Lembro bastante da minha infância. Dos Trapalhões e do “Xou da Xuxa”, que tinha dois assistentes de palco, um fantasiado de mosquito da dengue, e o outro que se chamava Praga. Lembro do Clube do Bolinha, um programa de calouros, com dançarinas de maiô cavado, e as pessoas podiam fumar no auditório; me lembro da Vovó Mafalda, que claramente era um homem, e que eu achava que era o mesmo ator que interpretava a Velha Surda – não era. She-Ra, Thundercats, He-Man, Muppet babies, Cavalo de Fogo. A “Bruxa do 71”, que tinha um gato chamado Satanás.
Me lembro de socializar na rua com brincadeiras de piques de tudo que é jeito, elástico, queimada, garrafão… papo na calçada de casa, festinha americana. Baré sabor tuti-fruti, dividida por três, Fórmula 1 todo domingo. O auge dos Simpsons, o nascimento da MTV, calça de cintura alta. O tetra do Brasil, com todo mundo estourando fogos na rua para comemorar.
Lambada, axé, o funk de MC Marcinho e de Cidinho e Doca. Mais tarde, Sandy e Júnior, Skank, Planet Hemp. As mortes de Cazuza, Fred Mercury e Renato Russo, vítimas do HIV. A queda do avião que extinguiu os Mamonas Assassinas e a do helicóptero que matou Ulysses Guimarães; o assassinato de PC Farias e a violência contra Daniela Perez.
A eleição de Fernando Collor, e aquela história de confisco das poupanças todo dia na TV. Me lembro da instituição do plano real, e que nós recebemos em casa uma cartilha ensinando a fazer a conversão da moeda, que eu usava todo dia para ter certeza que um pacote de salgadinho custava apenas vinte centavos.

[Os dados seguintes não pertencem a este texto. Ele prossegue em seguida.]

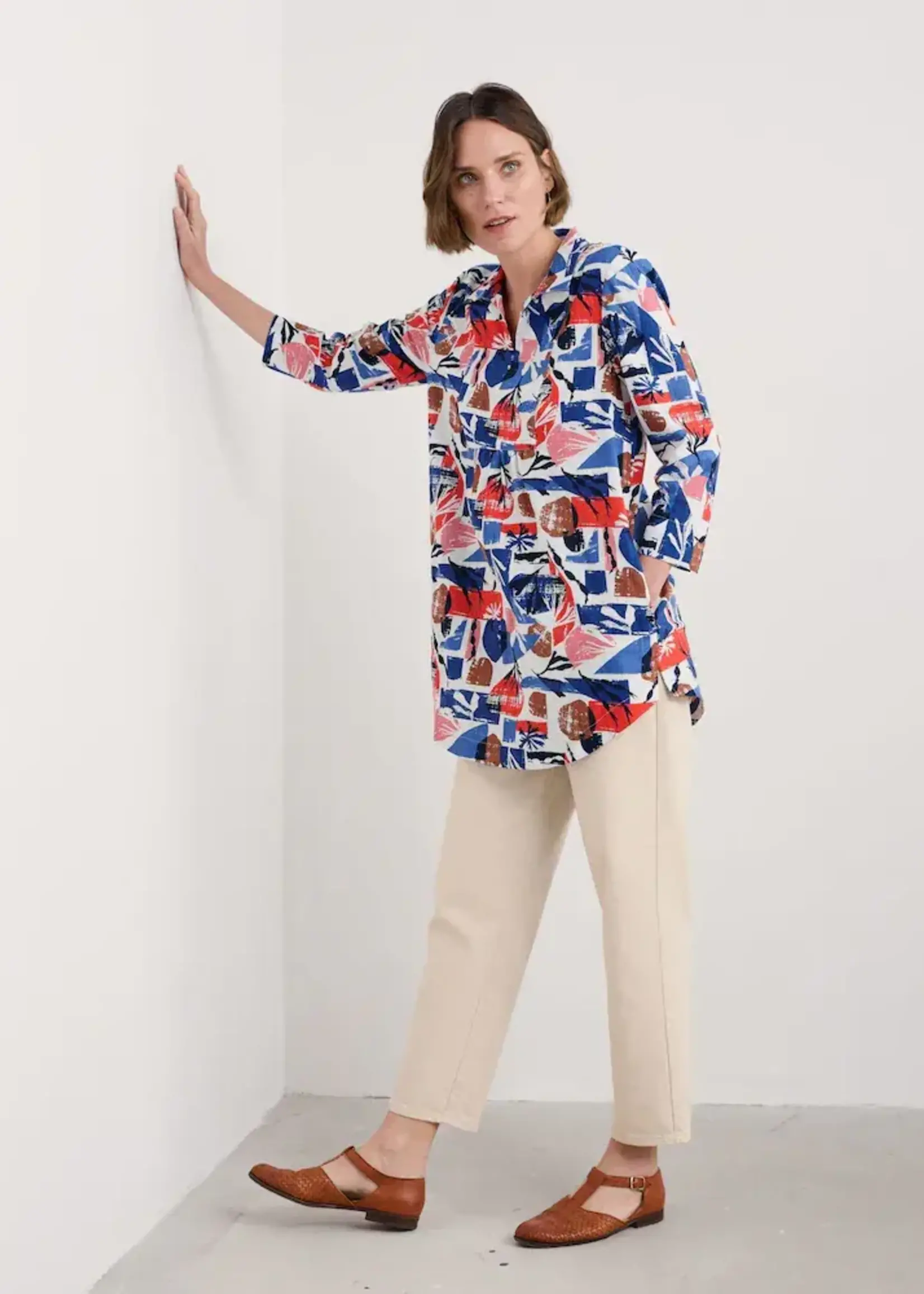 SEASALT CORNWALL SEASALT FAL WATER TUNIC MARINE FORMS CHALK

Me lembro muito também da minha vivência escolar. Aula de estudos sociais, culinária, artesanato e natação. Antes de entrar na sala de aula, formação no pátio; distância de um braço esticado do colega da frente. Para ir até o refeitório, fila e mãos dadas. Dizer que não gostava do colega não era desculpa, porque ele era a sua mão até lá. E o meu colega era tímido… percebendo, eu fingia que dava a mão a ele. Empatia, aos seis, sete anos de idade.
Esportes. Primeiro aula teórica para saber os fundamentos de cada modalidade. Dança também. Então, aquele colega que não era bom de bola, as vezes podia ser bom de bailado. Não existia ninguém ruim em tudo. O recreio era com todo mundo junto. A maioria de nós tem contato até hoje.
Do que nossas crianças de hoje se lembrarão no futuro? Como será seu desenvolvimento social, sem convívio com outras da mesma idade, sem o amadurecimento da memória? Se a vida é baseada em experiências, se essas experiências ditam comportamentos nos adultos, como será a progressão infantil da geração Covid? Saberão conviver com a diversidade, se todos os dias assistem ao mesmo padrão social, trancadas em casa? Temos Governantes que estão pensando em políticas educacionais diferenciadas pós pandemia ou vai sobrar para as pedagogas? No futuro, iremos gostar da pureza da resposta das crianças?